ABSTRACT

South Sudan challenges conventional socio-political analysis on remembrance and forgiveness by advancing the proposition that two concurrent types of socio-political bonds vie for dominance within the multi-ethnic nation-state.(1) Traditional “soft-boundary bonds” unite the nuclear family, with the extended family, the clan, and the ethnic or tribal group, and constitute an intimate community. These bonds represent the total traditional society within which the culture, rules, and regulations govern individual and group behavior in such a manner as to sustain intra-group peace. (2) The second type of bonds are “hard-boundary artificial bonds” that are found in the layers of political and jurisdictional establishments of the modern state: the nation-state, the federal constituent states, and local government which is not embedded within traditional society. Due to the artificial nature of the modern state, “imagined community” has to be learned, and allegiance has to be enforced as they are non-native forms of organization.
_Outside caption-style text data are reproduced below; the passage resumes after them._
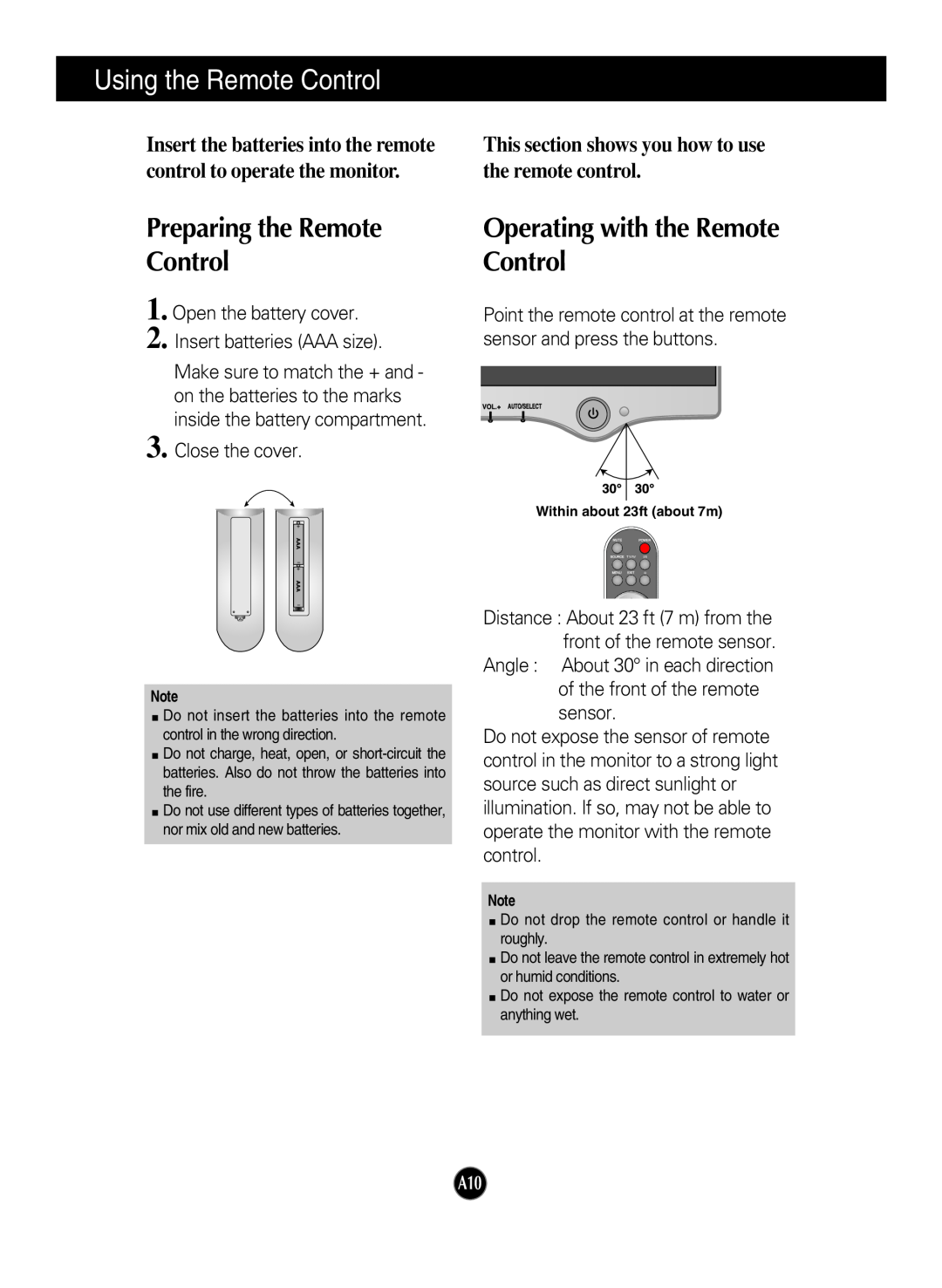 LG Electronics L2323T manual Preparing the Remote, Control, control to operate the monitor, the remote control 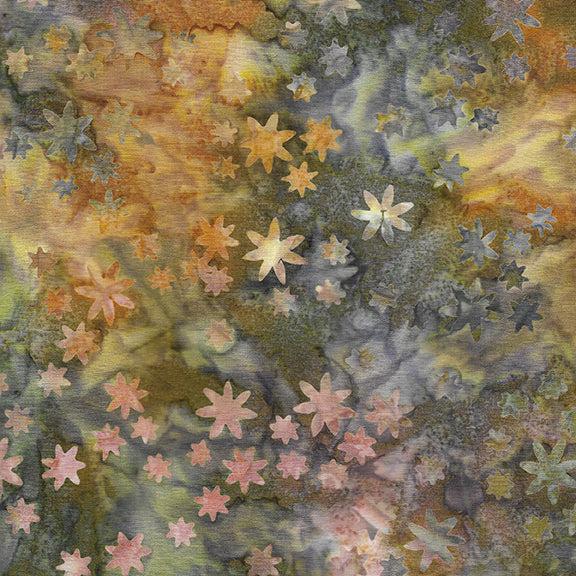 Flutter Fields Multi Orange Mini Floral Batik Fabric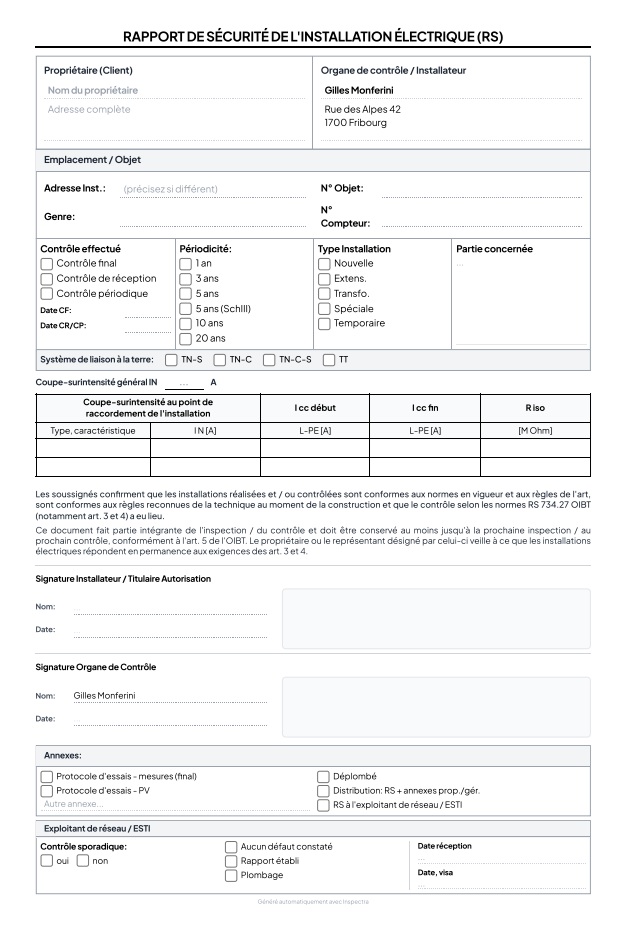 Rapport de sécurité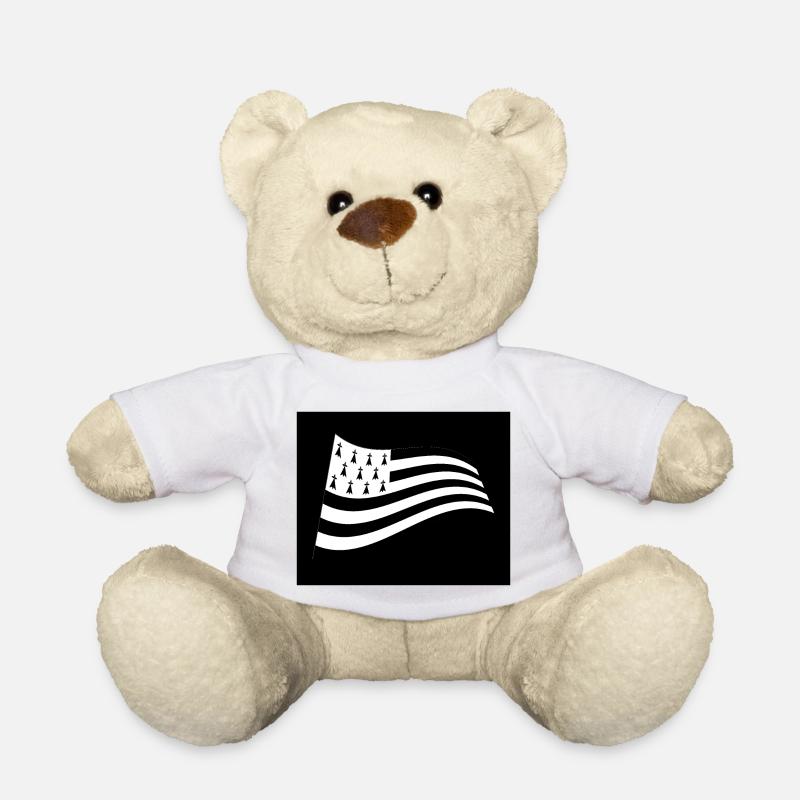 drapeau breton dans le vent - Nounours - blanc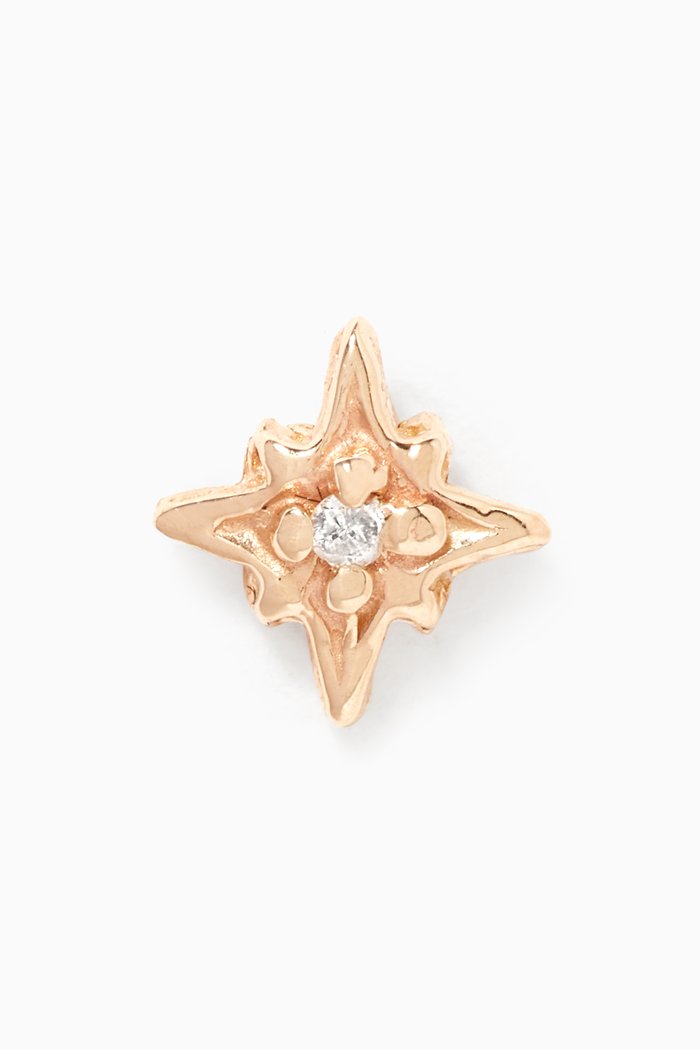 

North Star Diamond Piercing Earring in 14kt Yellow Gold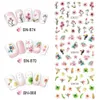 Autocollants 3D pour ongles, motif fleur de Rose, marguerite, flamant rose, curseur, pointe en papier, filigrane, décalcomanies de manucure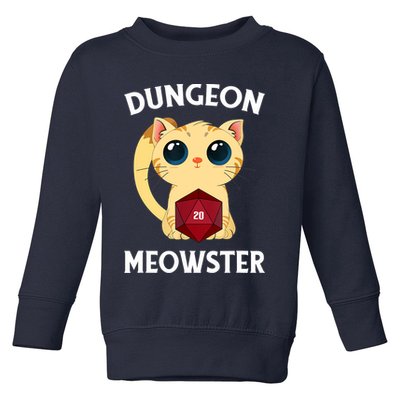 Dungeon Meowster Funny Nerdy Cat D20 RPG Fantasy Game Master Toddler Sweatshirt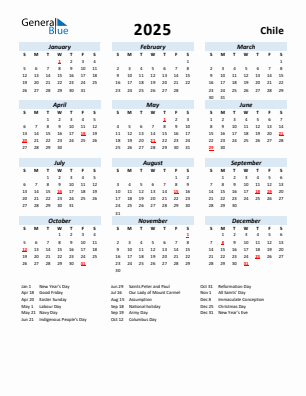 Chile current year calendar 2025 with holidays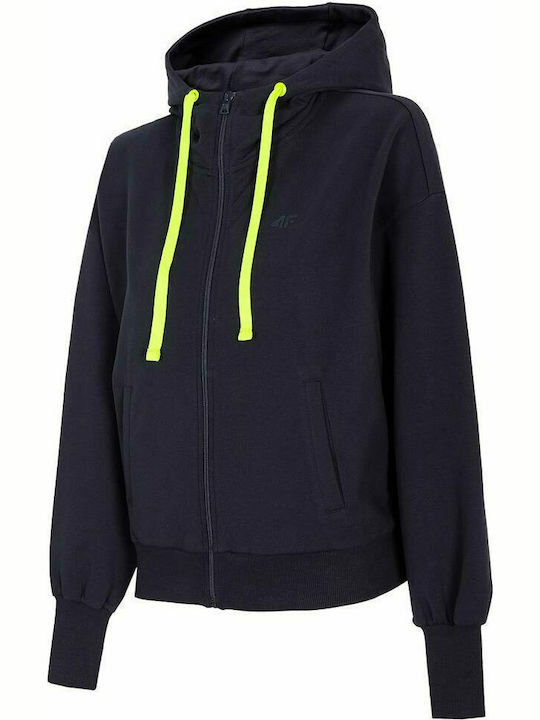 Women's Sweatshirt Jacket Hooded Navy Blue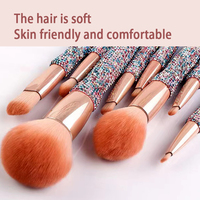 Ensemble de 8 pinceaux de maquillage professionnels, incrustés de diamants, poils synthétiques, outils pour le visage, seau, bâton, perceuse, débutant, poudre libre, fard à paupières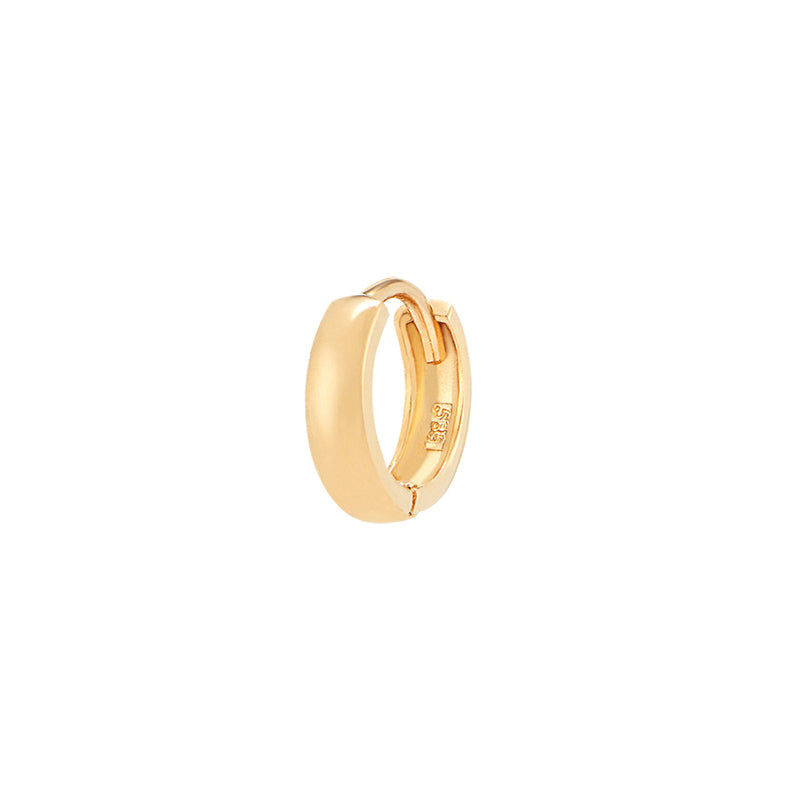 14K Gold Bold Huggie Hoop Earrings Musemond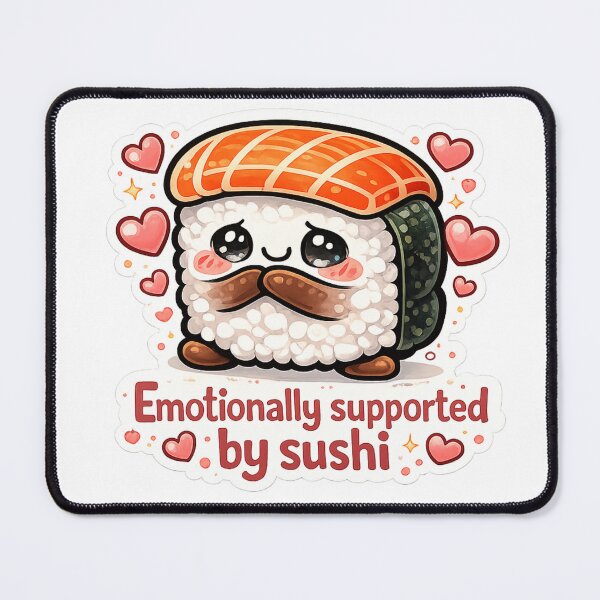 Item preview, Emotionally Supported by Sushi Cute Kawaii Cartoon designed and sold by MarinaBlackArt.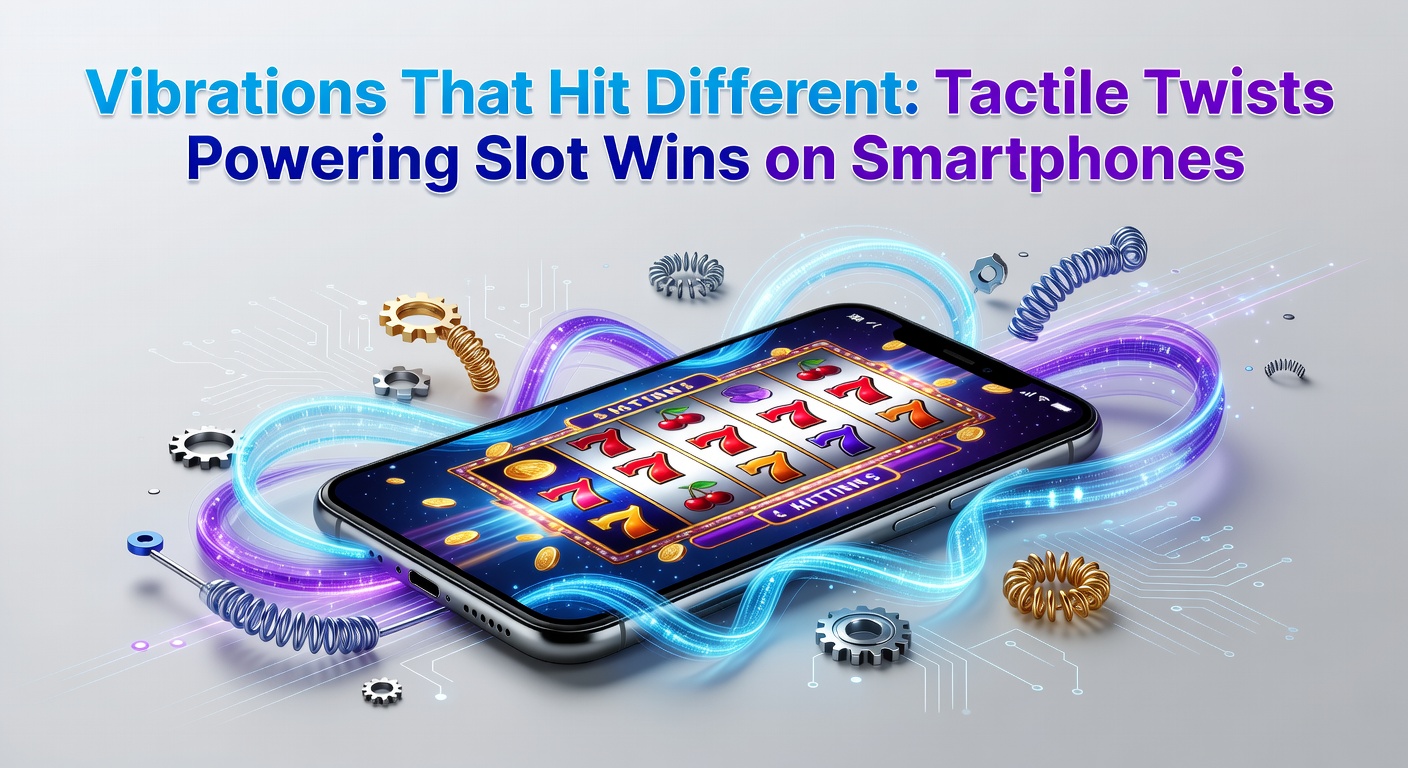 Smartphone displaying a vibrant slot machine win screen with illustrated haptic vibration waves emanating from the device, capturing the tactile thrill of a jackpot.
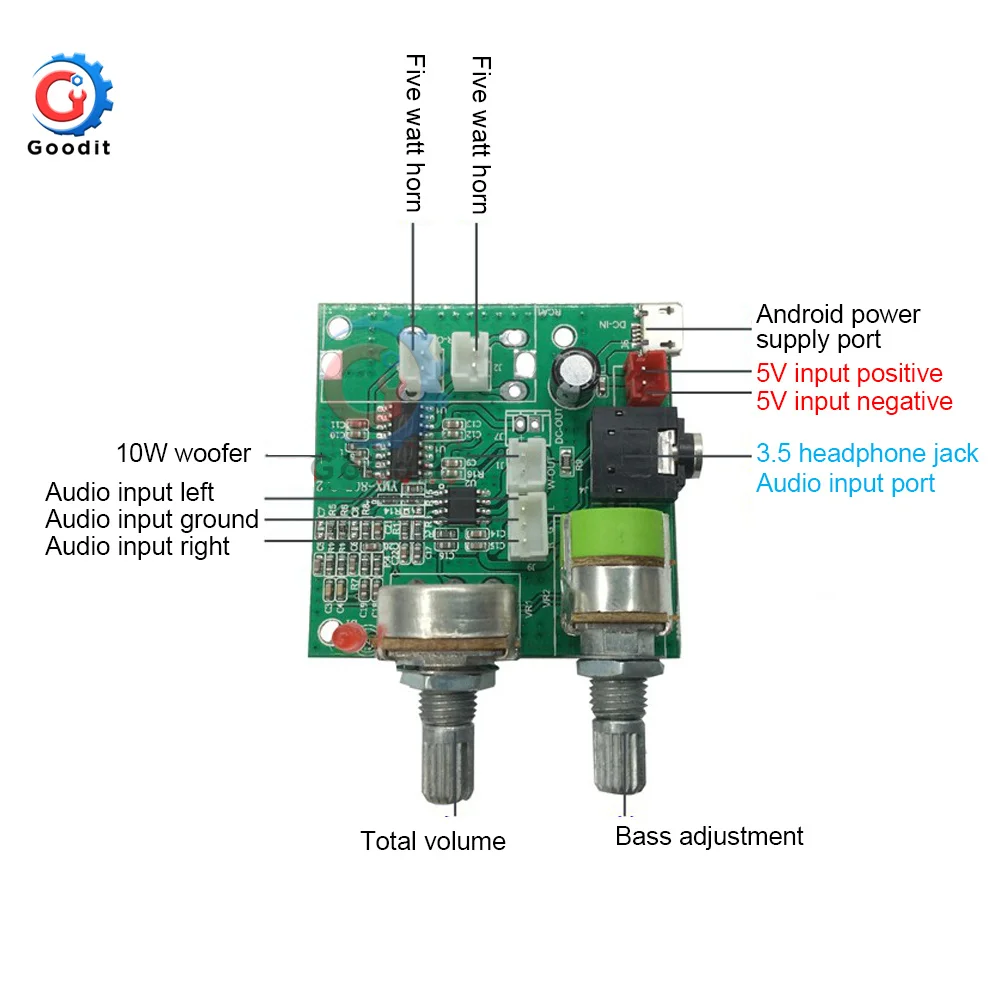 DC 5V 20W 2.1 Dual Channel 3D Surround Digital Stereo Class D Amplifier AMP Board Module For Arduino With Wires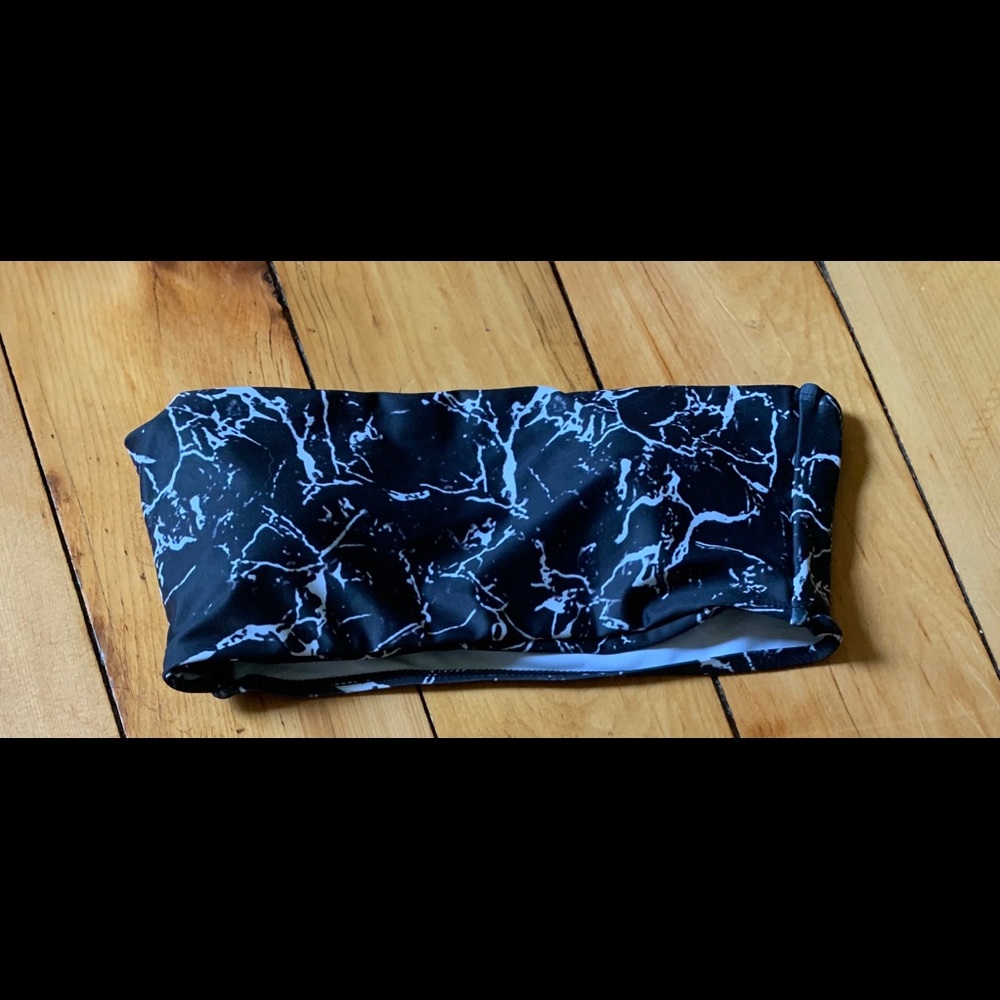 Marbled Strapless High Waisted Bikini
The interactions of individuals and groups within these spheres or forms of bonds define the interconnectedness between justice and political and legal accountability. This leads to the question as to whether both remembrance and forgiveness can be conceived and realized in the context of “loose” and “soft” bonds of the modern state, and when the restoration of peace in the modern state is sought amid violence beyond the bounds of traditional authority. The agenda for the restoration of peace is generally better understood in the traditional social bonding, while the modern state relies more heavily on its recognized “monopoly of force,” that is, self-defeating when the protagonists are bonded within their ethnic communities. When the modern state takes over the policing of all human actions, all peace is jeopardized due to its moral emptiness.